How to fix "ValueError at /search/ read of closed file"? : Forums : PythonAnywhere

How to fix "ValueError at /search/ read of closed file"?

Hay! Last night opened myself "Hacker". becouse "Beginner" did not give access to external sites. But I still can not download external internet sites. Why? Here's my application: http://tauguard.pythonanywhere.com/search/?q=http://www.booking.com/hotel/ua/boutique-hotel-kavalier.ru.html

deleted-user-453714 | 13 posts | Nov. 19, 2014, 5:12 a.m. | permalink

Hi there,

Can you try closing all your consoles, logging out and logging back in, and then restarting your web app?

harry | 2710 posts | PythonAnywhere staff | Nov. 19, 2014, 12:08 p.m. | permalink

harry, I closed all the consoles,logged out and logged back in. But the error stayed: http://tauguard.pythonanywhere.com/search/?q=http://www.booking.com/hotel/ua/boutique-hotel-kavalier.ru.html :(

deleted-user-453714 | 13 posts | Nov. 19, 2014, 12:34 p.m. | permalink

Did you restart your web app?

harry | 2710 posts | PythonAnywhere staff | Nov. 19, 2014, 12:49 p.m. | permalink

Yes

deleted-user-453714 | 13 posts | Nov. 19, 2014, 12:58 p.m. | permalink

Can you rewrite your code so that we can see the specific error that's happening here? It's hard to tell whether the problem is happening because of a proxy setting, or because of something else...

p=MyOpener().open(page).read()

For example, it could be because whichever url library you're using has a bug. Try swapping it out for requests?

import requests
response = requests.get(page)
assert response.status == 200
p = response.text

harry | 2710 posts | PythonAnywhere staff | Nov. 19, 2014, 1:16 p.m. | permalink

I tried to use your code. Here's what happened: http://tauguard.pythonanywhere.com/search/?q=http://www.booking.com/hotel/ua/boutique-hotel-kavalier.ru.html

deleted-user-453714 | 13 posts | Nov. 19, 2014, 1:41 p.m. | permalink

ok so that's telling us the get request isn't returning a 200, which means there's a problem. try just printing the response text?
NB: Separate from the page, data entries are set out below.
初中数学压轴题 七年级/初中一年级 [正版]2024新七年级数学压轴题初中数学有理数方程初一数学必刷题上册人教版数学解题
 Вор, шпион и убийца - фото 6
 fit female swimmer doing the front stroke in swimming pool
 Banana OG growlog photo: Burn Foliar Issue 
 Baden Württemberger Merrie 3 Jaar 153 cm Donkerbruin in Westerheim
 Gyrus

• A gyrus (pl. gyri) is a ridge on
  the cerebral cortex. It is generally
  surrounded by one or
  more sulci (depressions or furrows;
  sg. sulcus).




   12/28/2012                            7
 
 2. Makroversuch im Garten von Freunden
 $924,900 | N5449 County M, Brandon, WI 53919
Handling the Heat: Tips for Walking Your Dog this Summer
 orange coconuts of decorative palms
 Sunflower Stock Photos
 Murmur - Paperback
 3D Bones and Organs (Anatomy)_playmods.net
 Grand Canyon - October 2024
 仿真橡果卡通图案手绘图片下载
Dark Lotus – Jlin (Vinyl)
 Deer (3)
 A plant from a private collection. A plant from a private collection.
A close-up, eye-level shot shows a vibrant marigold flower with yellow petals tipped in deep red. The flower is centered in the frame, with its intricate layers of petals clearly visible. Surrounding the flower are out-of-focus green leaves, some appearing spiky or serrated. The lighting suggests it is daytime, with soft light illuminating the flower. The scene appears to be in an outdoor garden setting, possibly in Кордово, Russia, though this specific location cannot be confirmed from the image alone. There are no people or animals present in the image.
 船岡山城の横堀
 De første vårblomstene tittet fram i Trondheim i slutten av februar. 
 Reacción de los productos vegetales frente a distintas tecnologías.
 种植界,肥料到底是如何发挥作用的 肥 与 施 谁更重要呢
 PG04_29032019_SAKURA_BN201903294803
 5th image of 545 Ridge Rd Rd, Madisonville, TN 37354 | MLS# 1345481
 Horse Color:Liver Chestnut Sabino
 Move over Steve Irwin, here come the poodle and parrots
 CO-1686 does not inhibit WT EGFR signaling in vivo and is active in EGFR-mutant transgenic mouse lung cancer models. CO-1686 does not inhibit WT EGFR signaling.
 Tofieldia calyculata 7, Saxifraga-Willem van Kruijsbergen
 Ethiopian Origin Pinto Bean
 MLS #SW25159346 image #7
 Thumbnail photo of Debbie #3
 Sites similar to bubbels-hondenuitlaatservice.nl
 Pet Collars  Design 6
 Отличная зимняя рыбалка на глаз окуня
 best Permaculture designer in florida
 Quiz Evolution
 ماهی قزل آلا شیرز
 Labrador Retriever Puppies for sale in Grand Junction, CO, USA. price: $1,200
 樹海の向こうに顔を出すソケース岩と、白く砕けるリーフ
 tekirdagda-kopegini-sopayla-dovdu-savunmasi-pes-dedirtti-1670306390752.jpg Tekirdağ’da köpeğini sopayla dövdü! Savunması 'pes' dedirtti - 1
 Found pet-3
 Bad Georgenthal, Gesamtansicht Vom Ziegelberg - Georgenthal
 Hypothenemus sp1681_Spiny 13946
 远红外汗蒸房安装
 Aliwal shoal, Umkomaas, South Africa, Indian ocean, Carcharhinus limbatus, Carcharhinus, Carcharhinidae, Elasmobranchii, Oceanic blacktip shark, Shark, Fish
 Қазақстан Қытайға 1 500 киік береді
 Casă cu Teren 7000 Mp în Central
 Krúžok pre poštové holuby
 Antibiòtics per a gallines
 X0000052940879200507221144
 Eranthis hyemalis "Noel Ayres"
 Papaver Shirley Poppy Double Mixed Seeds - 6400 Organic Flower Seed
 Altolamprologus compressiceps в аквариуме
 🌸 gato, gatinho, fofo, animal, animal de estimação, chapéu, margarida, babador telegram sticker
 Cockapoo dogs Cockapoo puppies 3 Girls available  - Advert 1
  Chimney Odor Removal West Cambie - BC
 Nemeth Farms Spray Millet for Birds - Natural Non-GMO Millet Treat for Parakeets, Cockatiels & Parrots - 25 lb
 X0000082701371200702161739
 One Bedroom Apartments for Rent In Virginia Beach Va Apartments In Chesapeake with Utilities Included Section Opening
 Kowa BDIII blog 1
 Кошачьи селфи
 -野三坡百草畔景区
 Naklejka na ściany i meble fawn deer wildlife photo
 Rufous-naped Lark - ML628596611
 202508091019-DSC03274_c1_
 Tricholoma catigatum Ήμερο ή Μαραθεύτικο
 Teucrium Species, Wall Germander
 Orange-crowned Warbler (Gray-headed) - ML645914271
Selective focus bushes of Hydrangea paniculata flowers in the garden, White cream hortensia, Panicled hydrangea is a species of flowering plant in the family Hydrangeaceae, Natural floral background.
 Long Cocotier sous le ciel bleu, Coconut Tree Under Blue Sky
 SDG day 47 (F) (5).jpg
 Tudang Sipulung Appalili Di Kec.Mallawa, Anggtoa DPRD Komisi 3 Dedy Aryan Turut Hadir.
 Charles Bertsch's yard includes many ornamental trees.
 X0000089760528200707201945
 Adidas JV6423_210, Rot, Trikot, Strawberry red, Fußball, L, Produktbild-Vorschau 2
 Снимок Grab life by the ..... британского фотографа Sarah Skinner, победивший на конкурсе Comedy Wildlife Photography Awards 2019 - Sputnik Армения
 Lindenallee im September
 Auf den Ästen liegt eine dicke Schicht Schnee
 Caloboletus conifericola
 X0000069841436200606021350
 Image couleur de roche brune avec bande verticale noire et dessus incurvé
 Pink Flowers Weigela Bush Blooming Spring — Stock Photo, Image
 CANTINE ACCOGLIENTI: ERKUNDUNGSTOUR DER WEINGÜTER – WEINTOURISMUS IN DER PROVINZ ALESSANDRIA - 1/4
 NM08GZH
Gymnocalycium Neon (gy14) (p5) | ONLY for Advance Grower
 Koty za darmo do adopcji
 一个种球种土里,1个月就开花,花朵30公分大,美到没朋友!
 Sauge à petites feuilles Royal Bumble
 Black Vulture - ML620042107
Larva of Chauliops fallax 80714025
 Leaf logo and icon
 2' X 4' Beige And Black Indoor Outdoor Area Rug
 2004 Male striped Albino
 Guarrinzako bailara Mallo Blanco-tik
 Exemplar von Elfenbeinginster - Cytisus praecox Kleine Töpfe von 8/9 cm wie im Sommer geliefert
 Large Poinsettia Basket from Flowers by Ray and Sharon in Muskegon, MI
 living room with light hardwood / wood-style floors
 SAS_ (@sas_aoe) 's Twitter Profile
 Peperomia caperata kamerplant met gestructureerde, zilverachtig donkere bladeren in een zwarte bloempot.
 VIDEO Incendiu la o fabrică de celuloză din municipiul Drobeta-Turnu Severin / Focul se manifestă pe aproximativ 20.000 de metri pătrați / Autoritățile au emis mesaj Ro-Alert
assert False, "status was {}, response text was {}".format(response.status, response.text)

harry | 2710 posts | PythonAnywhere staff | Nov. 19, 2014, 2:06 p.m. | permalink

So, the result: http://tauguard.pythonanywhere.com/search/?q=http://www.booking.com/hotel/ua/boutique-hotel-kavalier.ru.html

deleted-user-453714 | 13 posts | Nov. 19, 2014, 5:02 p.m. | permalink

So, status code 400 means "bad request" (http://www.w3.org/Protocols/rfc2616/rfc2616-sec10.html#sec10.4.1)

Could it be that booking.com are trying to block scrapers, so they are preventing access if they think it's not coming from a "real" web browser?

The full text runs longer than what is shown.